# Italian people in Dubai



## 86phoenix28 (Aug 5, 2011)

Hi, 
are there many italian people in Dubai? I guess one of the things I am going to miss the most will be food


----------



## ehpst (Aug 1, 2011)

There are plenty of quite decent Italian food places I think in Dubai... Maybe not as good as what you get back home though...
For me, I hate it that French food abroad has to be expensive !!

Welcome to Dubai


----------



## INFAMOUS (Apr 19, 2011)

86phoenix28 said:


> Hi,
> are there many italian people in Dubai? I guess one of the things I am going to miss the most will be food


From what I have seen there aren't too many Italians... but that doesn't mean there aren't any! 

But if you want to make lots of new friends let us know when you're cooking and we'll come over to your place!!


----------



## 86phoenix28 (Aug 5, 2011)

Aahah I will! Hope to find fine italian ingredients


----------



## Rutilius (Jan 22, 2011)

There is only 1 Authentic Italian in Dubai who goes by the name of Luigi, he's from India.


----------



## 86phoenix28 (Aug 5, 2011)

Rutilius said:


> There is only 1 Authentic Italian in Dubai who goes by the name of Luigi, he's from India.


I guess I should definitely open a REAL italian restaurant 
Who knows!


----------



## Sunset (Jan 24, 2011)

Check with you Embassy. There may be group events which will help for you to meet people. The ambassador's wife is an absolutely lovely lady!!!! (But I'm partial to Italians.)


----------



## Rutilius (Jan 22, 2011)

86phoenix28 said:


> I guess I should definitely open a REAL italian restaurant
> Who knows!


Are you Indian too?


----------



## INFAMOUS (Apr 19, 2011)

Rutilius said:


> Are you Indian too?


lol


----------



## Telo (Aug 1, 2011)

There are lots, but they are definitely a minority compared to other European nationalities. They are a very closeknit community too.

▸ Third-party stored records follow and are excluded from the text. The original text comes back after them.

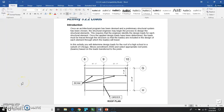We're going to look at activity 3.2.2, which is about loads. Once an architectural program has been devised and a preliminary structural system has been chosen, the structural engineer may begin the process to design the structural elements. This requires that the engineer identify the design loads for each structural element, and once the applied design loads have been determined, the loads can be traced throughout the structure so that the loads are included in the design of each element through which the loads will travel. In this activity, we're going to be determining the design loads for the roof of a high school in a suburb of Chicago, Illinois. There's an enrollment of 2,500 students, and you need that number, so keep that one in mind.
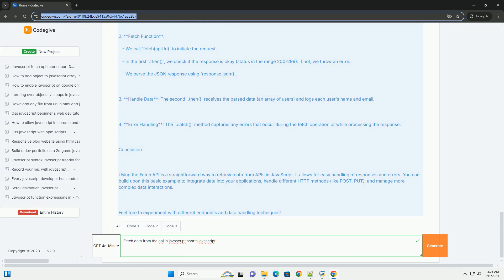Additionally, the use of promises and async-await syntax simplifies the management of asynchronous operations, making the code cleaner and more readable. Overall, fetching data from an API is a fundamental aspect of building dynamic web applications, enabling the integration of real-time data and enhancing user interactions.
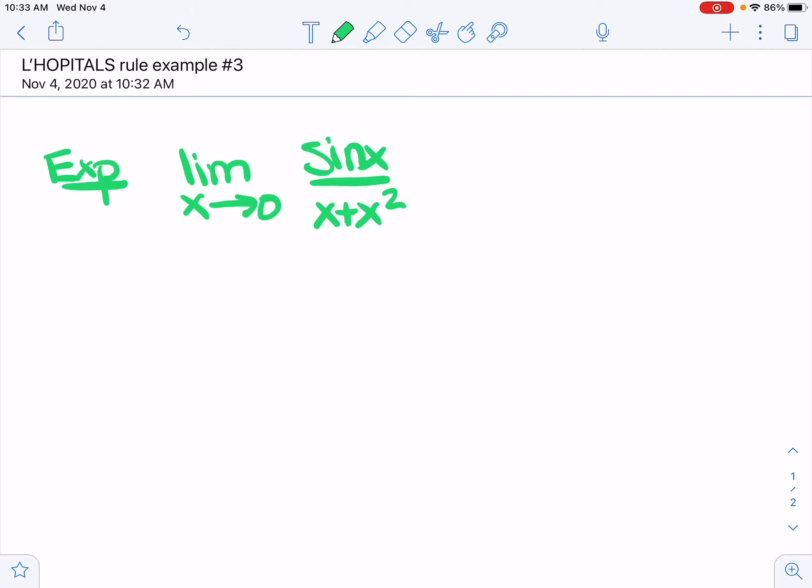All right, just another example. If we try to plug in x equals 0, we do get a 0 over 0. So we can use L'Hôpital's rule.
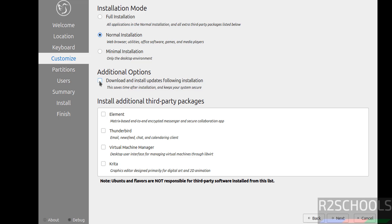See the additional options: download and install updates following installation. This saves time after installation and keeps your system secure. I am not going to download and install updates while installing, I will install the updates later. Unselect and click on next.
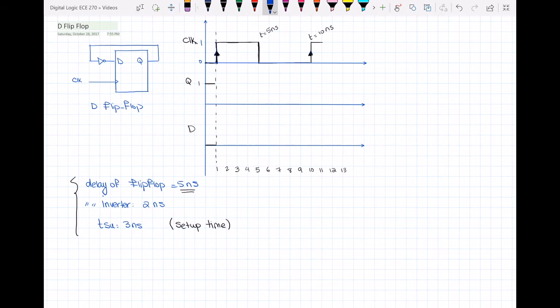The definition of setup time is the amount of time before the active edge of the clock that input D, the data input, cannot change. So if the setup time T_setup is equal to 3 nanoseconds, it means that 3 nanoseconds before the active edge of the clock happens, D cannot change anymore.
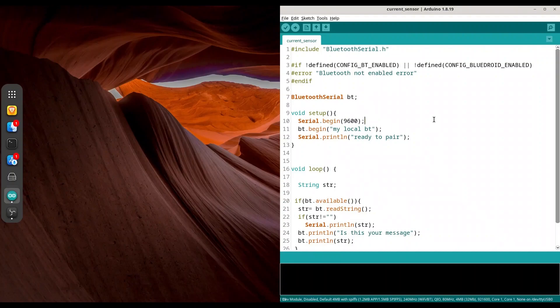Hey guys, welcome to another episode about ESP programming. Today we are going to talk about Bluetooth communication.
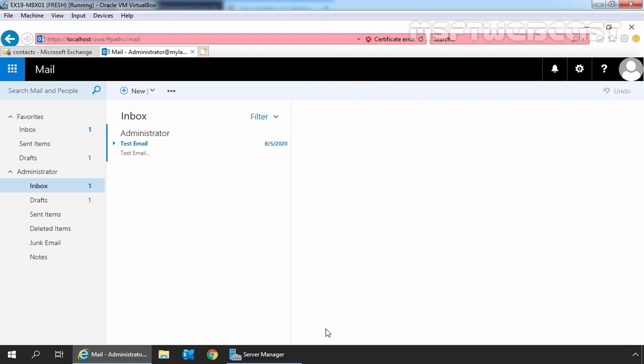So, this is the way how we can create a mail-enabled contact in Exchange 2019. That's all for this video on how to create mail-enabled contact in Exchange Server 2019. Thank you all for watching this video. Have a nice day.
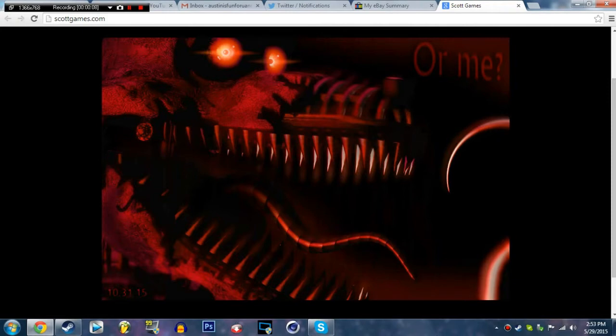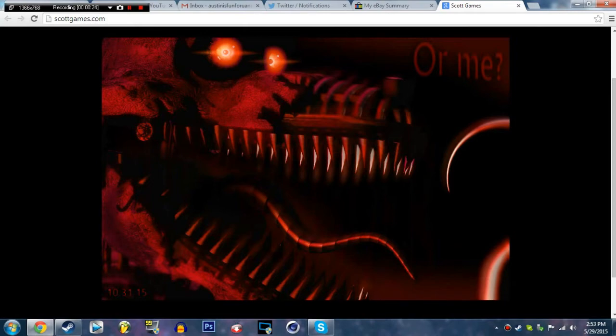I knew it was going to come soon, but look at it. So the other previews said other stuff, the word said 'or me,' and this is Nightmare Foxy.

One of the Italians I knew had her own Italian restaurant- she only moved to Dubai since she was retired and her son got a job there, so decided to open up a small business. She's since moved away, but I'm sure you can find other authentic restaurants. If all else fails, the ones opened by other nationalities are quite good too.


----------



## Tee Dee (Sep 28, 2010)

86phoenix28 said:


> Hi,
> are there many italian people in Dubai? I guess one of the things I am going to miss the most will be food


BICE restaurant in JBR Hilton is said to be the most authentic. In fact an Italian friend had turned shades of purple and green when i mentioned that i loved the alfredo at a local foodcourt and insisted i visit BICE for true Italian cuisine... :clap2:


----------



## Sunset (Jan 24, 2011)

Tee Dee said:


> BICE restaurant in JBR Hilton is said to be the most authentic. In fact an Italian friend had turned shades of purple and green when i mentioned that i loved the alfredo at a local foodcourt and insisted i visit BICE for true Italian cuisine... :clap2:


I second Bice!!! They now have family style dining.


----------



## carlinhos (Apr 23, 2011)

Tee Dee said:


> BICE restaurant in JBR Hilton is said to be the most authentic. In fact an Italian friend had turned shades of purple and green when i mentioned that i loved the alfredo at a local foodcourt and insisted i visit BICE for true Italian cuisine... :clap2:




I been to a italian get together at Bussola (italian rest in Westin hotel) that believe happens every month, so google it and will find dates/info/etc , and u will socialized with lots of italians! 


I also like italian food and IMO best italian rest here is Jamie Oliver Italian in Festival city (@Marina Pavillion)... the usual Jamie high standards on this case preparing superb Italian food on top (serving alcohol is cherry on top of the cake) 

Jamie's Italian - Dubai


Buon appetito ragazzo,Potrete godere di dubai


----------



## cincinbrava (Jul 4, 2010)

Not so many Italiani in the town compare with English speaking countries:UK, South Africa, Austrilia.... Most of italian work for italian companies, there are some italian companies here. I amy suggest you 800 pizza, pretty authentic., we used to to once a week for pizza.


----------



## itepgas (Aug 7, 2011)

the stefano's in barsha was really good back then. they opened up in marina and green community too. not sure whether the quailty remained the same.


----------



## DubaiB&W (Aug 11, 2011)

I have few Italian friends in Dubai....as already said, it is a small community compared to the other European Community.

Check with the Embassy(in Abu Dhabi) or the Consulate (in Dubai) can help.............


----------